------ Input ------

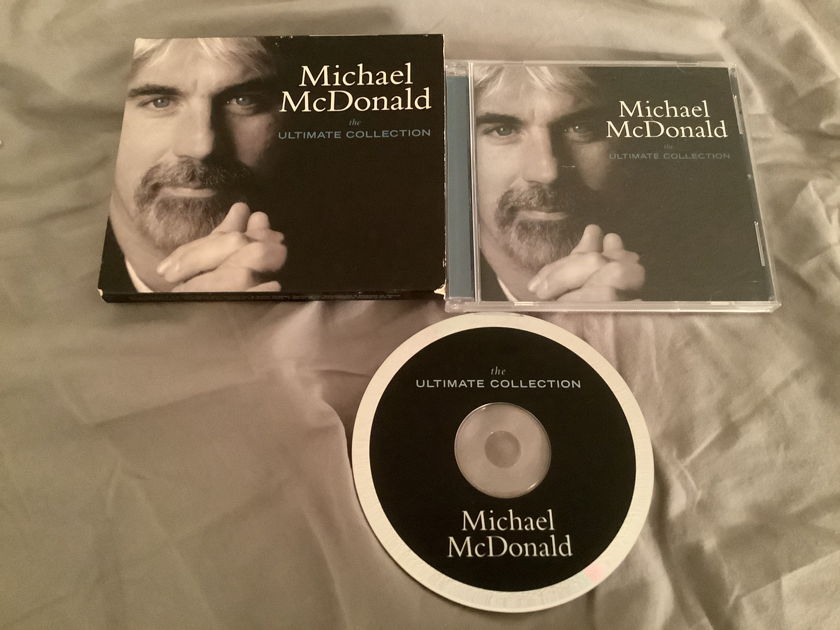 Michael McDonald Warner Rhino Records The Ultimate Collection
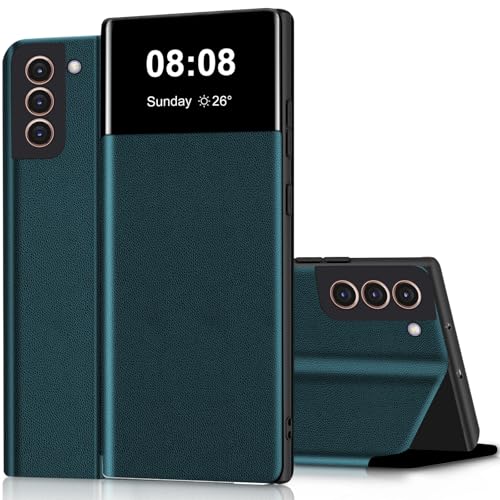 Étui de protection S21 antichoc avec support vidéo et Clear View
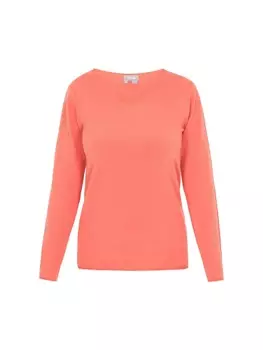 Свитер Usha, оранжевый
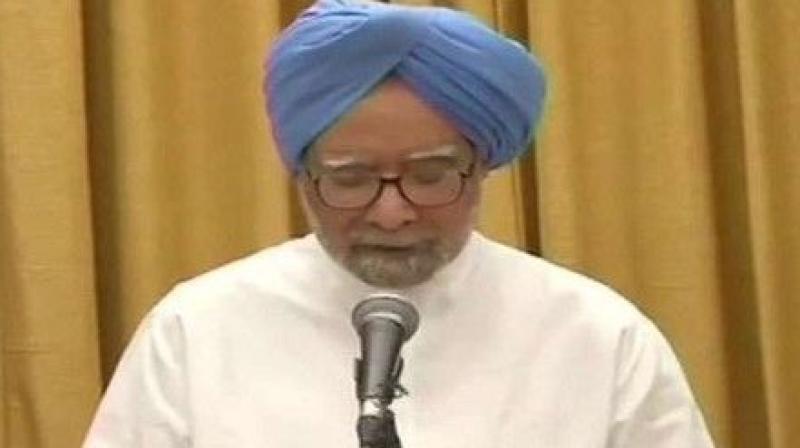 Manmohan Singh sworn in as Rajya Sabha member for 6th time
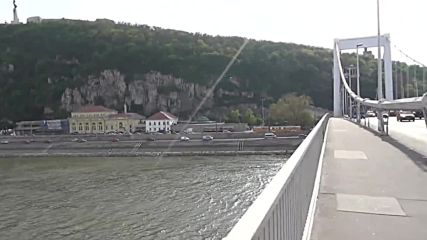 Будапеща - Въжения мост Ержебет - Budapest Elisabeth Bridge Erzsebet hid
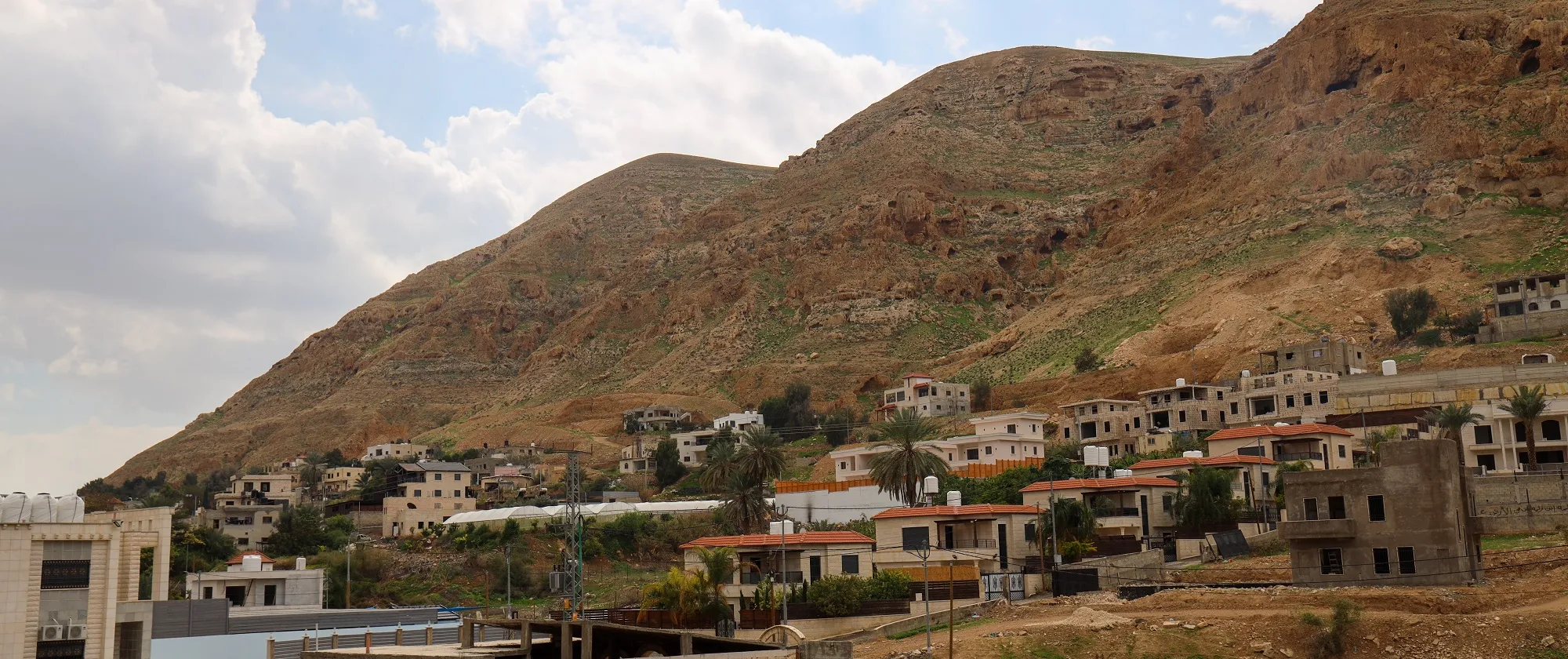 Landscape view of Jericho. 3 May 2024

------
------ Input ------

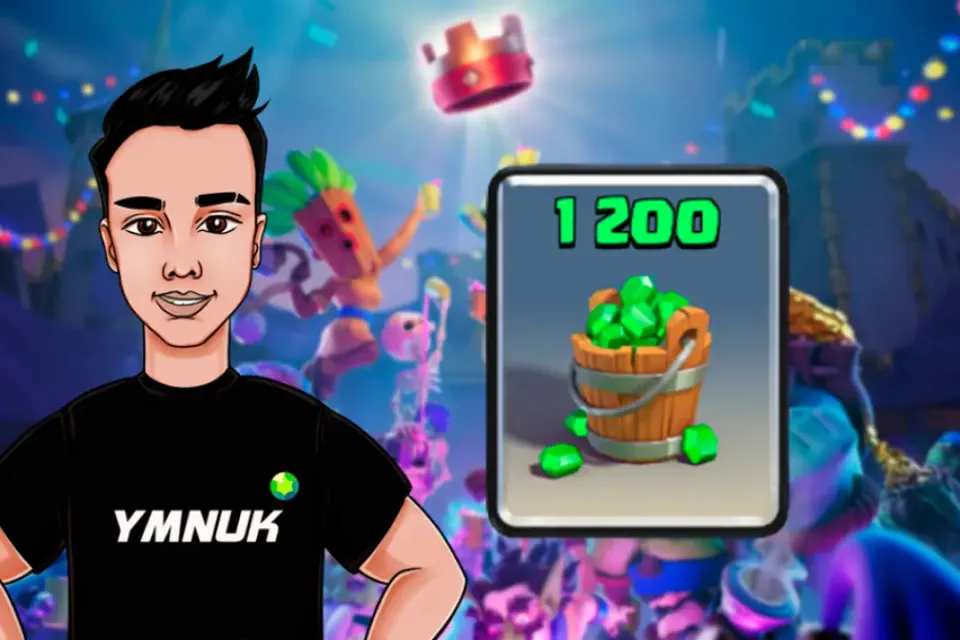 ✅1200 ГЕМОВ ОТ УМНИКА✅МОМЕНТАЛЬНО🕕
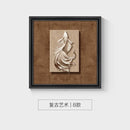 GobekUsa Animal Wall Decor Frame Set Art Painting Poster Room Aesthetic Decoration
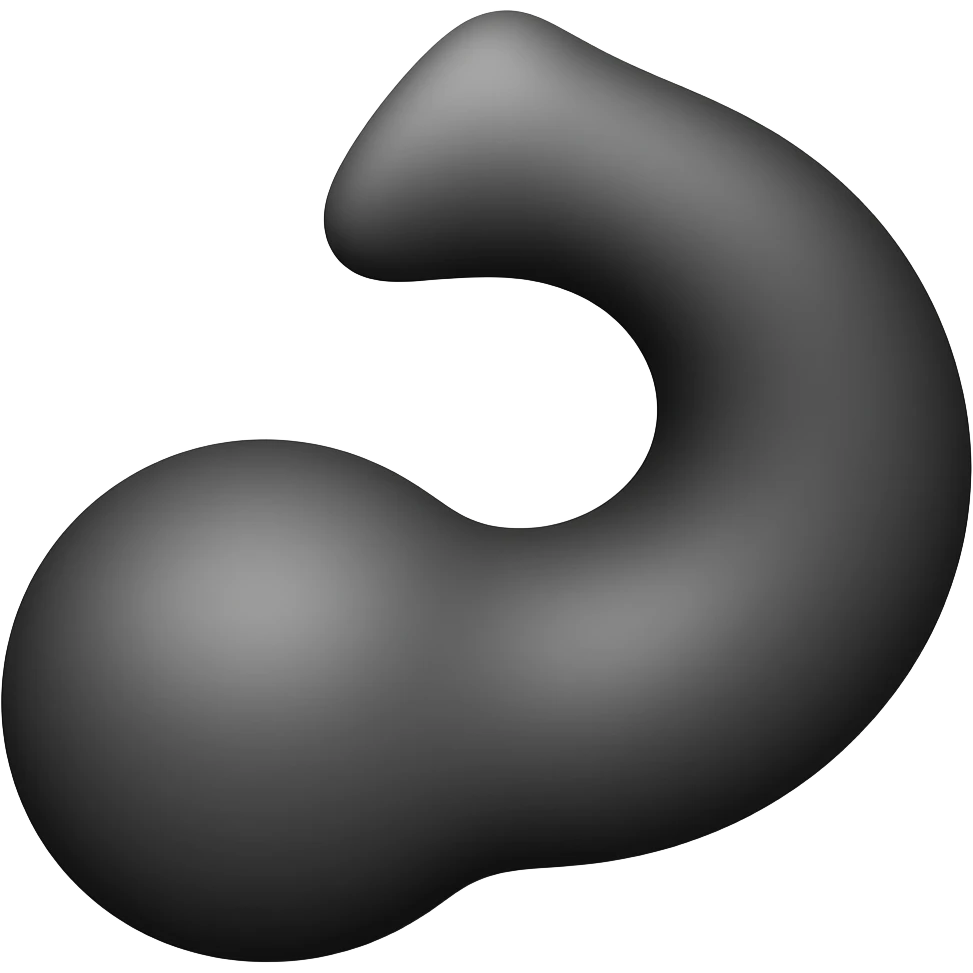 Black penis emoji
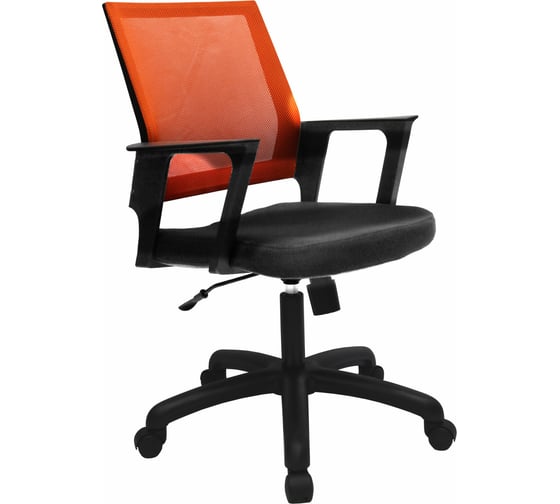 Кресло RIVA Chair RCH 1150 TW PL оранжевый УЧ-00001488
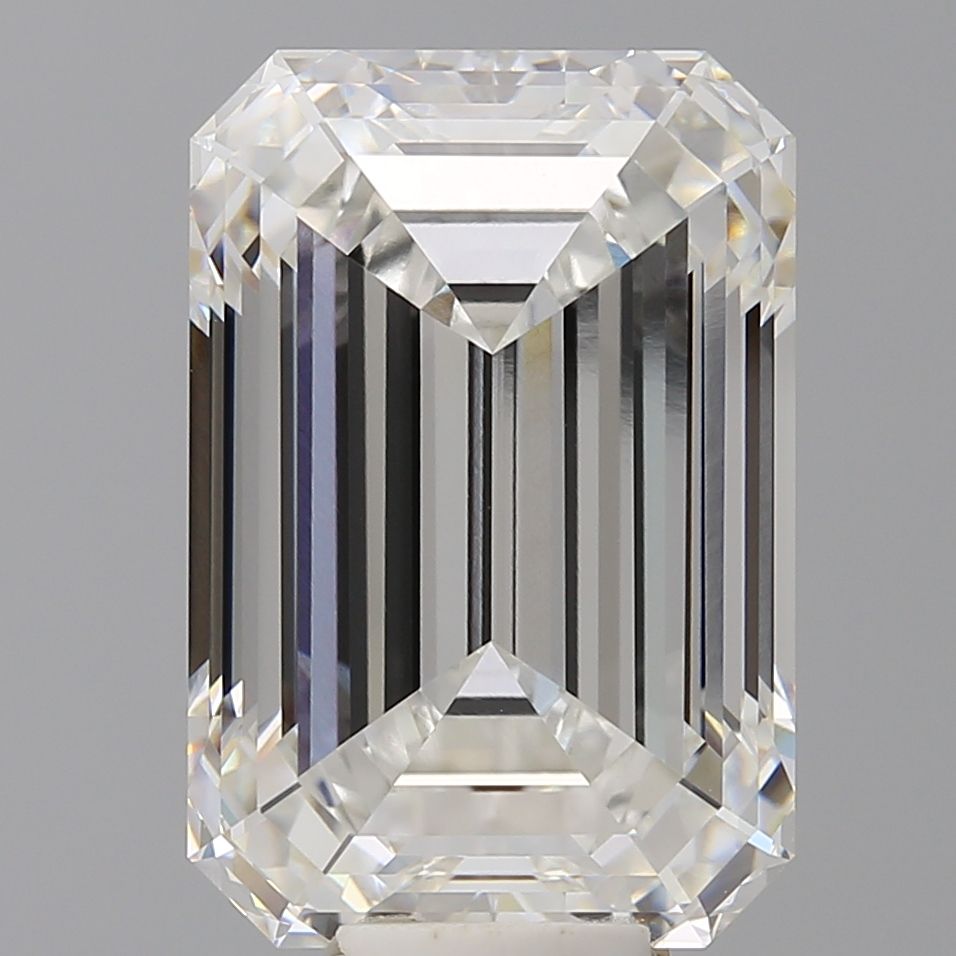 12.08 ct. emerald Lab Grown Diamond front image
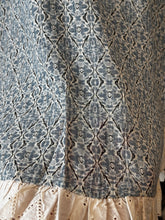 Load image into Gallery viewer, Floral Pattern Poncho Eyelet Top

------
------ Input ------

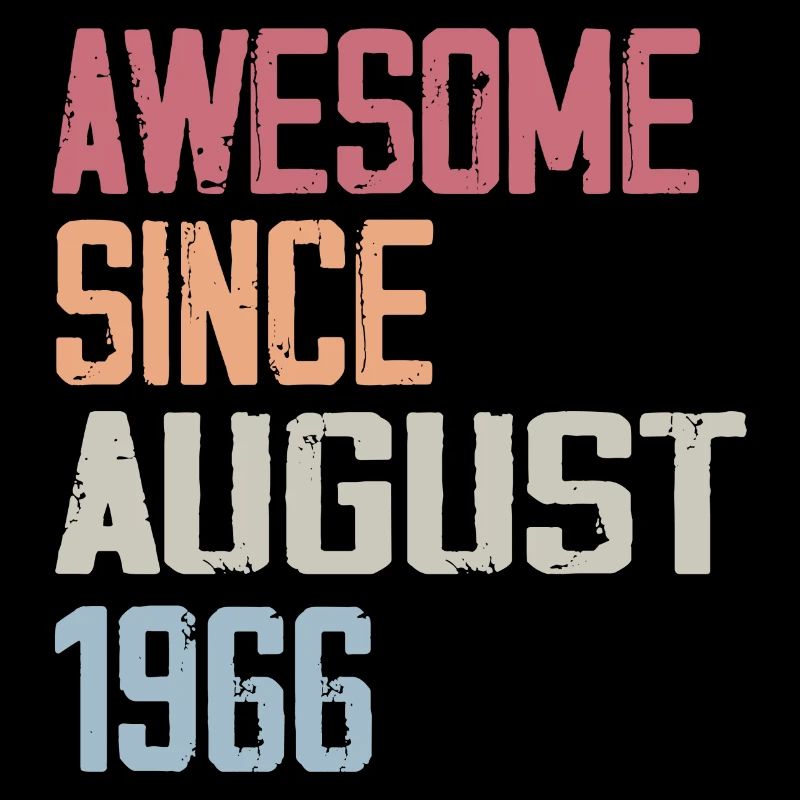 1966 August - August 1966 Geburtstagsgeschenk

------

Exercise aim
In the listing above, the required lines run from the line with "Manmohan Singh sworn" through the line with "Landscape view of Jericho. 3 May 2024". Output exactly those lines, omitting pictures.

Exercise response
 Manmohan Singh sworn in as Rajya Sabha member for 6th time
 Будапеща - Въжения мост Ержебет - Budapest Elisabeth Bridge Erzsebet hid
 Landscape view of Jericho. 3 May 2024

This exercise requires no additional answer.